How A Grand Jury's Indictment Is Indistinguishable From Being Found Guilty

by Tim Cushing
Feb. 16, 2014

A recent post of mine took on grand juries, specifically the astounding fact that a North Carolina grand jury managed to crank out 276 indictments in four hours -- or roughly, one indictment every 52 seconds. Some commenters pointed out (correctly) that grand juries don't actually declare anyone "guilty." They just determine whether the prosecution has enough evidence to bring the case to trial.

But the system is still broken. Grand juries may not hand out guilty verdicts, but they do have the power to imprison people for an indefinite amount of time simply by indicting them. This is exactly what happened to Justin Carter, the teen charged with making terroristic threats after someone reported statements he made while trash-talking with some fellow League of Legends players. The Dallas Observer has been tracking this case (via Reason), and the phrases below are what have been termed "terroristic threats."
One of the comments appears to be a response to an earlier comment in which someone called Carter crazy. Carter's retort was: "I'm fucked in the head alright, I think I'ma SHOOT UP A KINDERGARTEN [sic]."

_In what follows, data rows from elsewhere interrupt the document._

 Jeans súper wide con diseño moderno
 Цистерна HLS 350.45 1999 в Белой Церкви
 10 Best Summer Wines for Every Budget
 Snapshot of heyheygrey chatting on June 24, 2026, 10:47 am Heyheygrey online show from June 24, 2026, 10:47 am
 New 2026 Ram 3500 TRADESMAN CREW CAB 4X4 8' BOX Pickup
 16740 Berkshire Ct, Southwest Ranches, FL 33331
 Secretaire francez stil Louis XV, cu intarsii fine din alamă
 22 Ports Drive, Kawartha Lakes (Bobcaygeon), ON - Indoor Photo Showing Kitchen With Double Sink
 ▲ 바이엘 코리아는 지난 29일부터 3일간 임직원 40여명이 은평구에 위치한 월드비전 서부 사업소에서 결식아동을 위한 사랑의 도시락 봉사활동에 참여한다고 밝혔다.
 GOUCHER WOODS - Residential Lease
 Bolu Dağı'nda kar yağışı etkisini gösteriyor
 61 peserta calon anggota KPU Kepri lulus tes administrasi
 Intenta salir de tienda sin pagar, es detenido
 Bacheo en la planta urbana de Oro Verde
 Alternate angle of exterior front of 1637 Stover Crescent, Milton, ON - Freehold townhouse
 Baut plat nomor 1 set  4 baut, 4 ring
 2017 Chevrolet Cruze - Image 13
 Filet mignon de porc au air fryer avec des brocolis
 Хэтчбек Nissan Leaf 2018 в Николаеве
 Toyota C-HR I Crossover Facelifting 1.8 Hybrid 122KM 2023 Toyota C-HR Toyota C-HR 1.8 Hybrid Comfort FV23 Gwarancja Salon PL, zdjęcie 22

Carter was indicted by a grand jury based solely on these statements. (Police failed to uncover anything else damning after searching Carter's residence.) According to Carter's lawyer, the prosecutor presented the "threats" using a couple of screenshots wholly removed from context to the grand jury, which found these met the requirements of the "terroristic threat" charge.
But Flanary says that Bates presented a truncated version of the comments to grand jurors. They did not see "I'm fucked in the head alright, I think I'ma" before "shoot up a kindergarten." If this sounds like the nitpicking of a defense attorney, that's precisely the point.

"When you're dealing with speech," Flanary says, "... it is absolutely, 100 percent important that the words that you are charging people with are actually the words that they said and not some misrepresentation. And that's what ... this prosecutor did, is misrepresent to the grand jury what he said."
So, the grand jury indicted Carter and the prosecutor asked for $500,000 bail. Carter was jailed in February of 2013 (the first month of which he spent unindicted while officials sorted out jurisdictional issues), where he was beaten, raped, put in solitary for his own protection and placed on suicide watch. He wasn't released until July when an anonymous donor paid the bail.

How is that indistinguishable from being found guilty in court? A prosecutor presents only the evidence that will persuade the grand jury to indict and follows it up by asking a judge to set an exorbitant bail. For Carter, he may as well have been found guilty by a jury, for all the difference "it's only an indictment" made. Since his family couldn't afford the bail, Carter remained imprisoned, despite not having been found guilty of any crime.

Running 276 cases through in four hours is grossly irresponsible, and it put an unknown number of people into a position like Carter's -- jailed but still supposedly "innocent until proven guilty." For a large majority of Americans, a bail amount even 1/10th of Carter's $500,000 is unaffordable. Once indicted and with bail set above what they can afford, they are jailed until they can go to trial and finally start exercising their due process rights, which can often be months after the indictment.

I understand the bail process is in place to help prevent the accused from simply fleeing the country, state or whatever and avoid "justice," but this combination of grand juries and aggressive prosecution seeking excessive bail amounts turns the system into "guilty until proven innocent."

That's not how the system is supposed to work. You're not supposed to be indicted, jailed indefinitely and then finally allowed to face your accusers and a jury of your peers, if and when that date arrives. Grand juries subvert the criminal justice system, turning the merely accused into de facto criminals, indistinguishable from the other prisoners except for the fact that many of their new "peers" have likely had a chance to avail themselves of their constitutional rights.